A new study led by Devlin’s lab helps untangle the thorny question of how the microbiome affects host health.

Specifically, the team, from HMS and Brigham and Women’s Hospital, probed how molecules produced by gut bacteria influence metabolism in mice.

The researchers reported July 17 in eLife that deleting a single gene in a common strain of gut bacteria caused significant changes in metabolism and lowered weight gain in the mice.

“Our work suggests that this particular gene could be a target for future drug development and provides a step toward a fuller understanding of how the microbiome affects metabolism,” said Devlin, senior author of the paper.

Homing in

The microbiome is known to influence the development of obesity and metabolic diseases such as diabetes, but the specific ways it affects metabolism are harder to decipher. The gut contains so many species of bacteria producing many different kinds of metabolites that untangling their effects poses a significant challenge.

In this study, the researchers used a kind of “genetic scalpel” to remove a particular gene from the microbiome and then investigated the effects of this change on host metabolism.

“It’s important to note that in all our experiments, there were no genetic changes to the mice themselves,” Devlin emphasized. “All the changes in mouse metabolism we observed were caused by a single genetic deletion in the bacteria colonizing the mice.”

Devlin and colleagues focused on bile acids, a group of substances that occur naturally in the human gut. Imbalances in the bile acid pool are thought to contribute to diet-induced obesity.

To find out which specific bile acids cause these effects, the team focused on a class of bacterial enzymes called bile salt hydrolases.

Metabolic modifications

First, the researchers identified a bacterial species with a bile salt hydrolase that metabolizes only certain types of bile salts. Then they generated two strains of bacteria—one with the hydrolase and one without—and introduced them into germ-free mice (mice without any bacteria living in or on their bodies).

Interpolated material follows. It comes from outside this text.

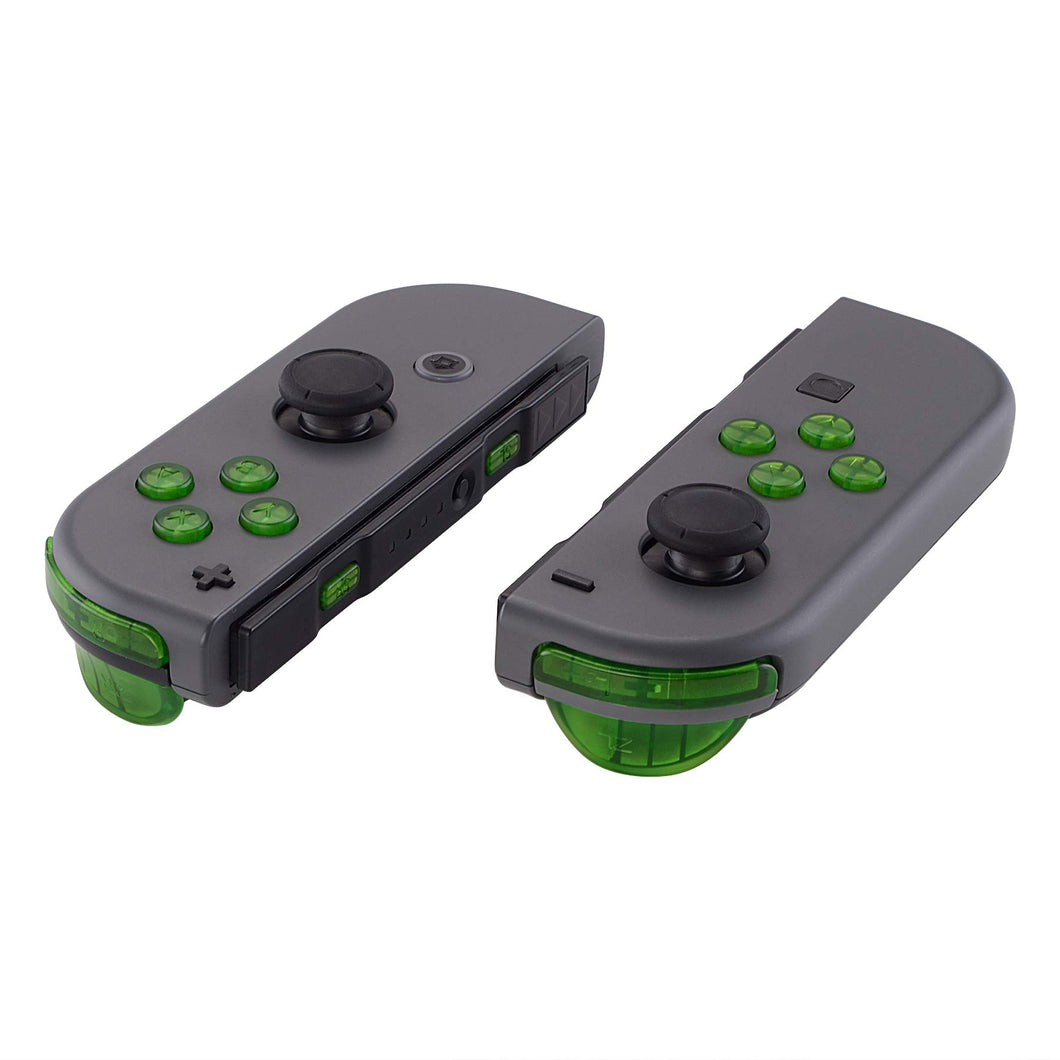 Custom Clear Green Replacement Button Kit for Nintendo Switch Joy-Con (JoyCon) Controllers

They found that mice colonized with the hydrolase-deficient strain had much higher amounts of certain unmetabolized bile salts in their intestine.

They next investigated the effects of altering the levels of specific bile salts on mouse metabolism. They were surprised to find that the mice colonized with the hydrolase-deficient bacteria gained less weight than the mice colonized with the normal bacteria.

They also found the animals had lower levels of fats and cholesterol in the blood and liver than those with the hydrolase, and they had a preference for metabolizing fats rather than carbohydrates for energy.

Genetic analysis revealed that in addition to alterations related to metabolism, there were changes in genes controlling circadian rhythm and immune response. This suggests that bacteria-induced bile acid alterations can cause a broader range of changes in the host, the authors said.

“Our work opens up the possibility for new treatments for metabolic diseases that target the microbiome, specifically, this bile salt hydrolase enzyme,” said Devlin. “However, these are very early days; we’re not there yet.”

This work was supported by an Innovation Award from the Center for Microbiome Informatics and Therapeutics at MIT, a grant from Harvard Digestive Diseases Center (supported by NIH grant 5P30DK034854-32), a Karin Grunebaum Cancer Research Foundation Faculty Research Fellowship (ASD) and a Wellington Postdoctoral Fellowship (LY).

Devlin is a consultant for Kintai Therapeutics, a biotechnology company focused on microbiome metabolites.

Additional authors are Lina Yao, Sula Ndousse-Fetter and Arijit Adhikari of the Devlin lab; Sarah Craven Seaton, formerly of HMS and currently of Indigo Agriculture; and Nicholas DiBenedetto, Amir Mina, Alexander Banks and Lynn Bry of Brigham and Women’s.

Adapted from an eLife news release.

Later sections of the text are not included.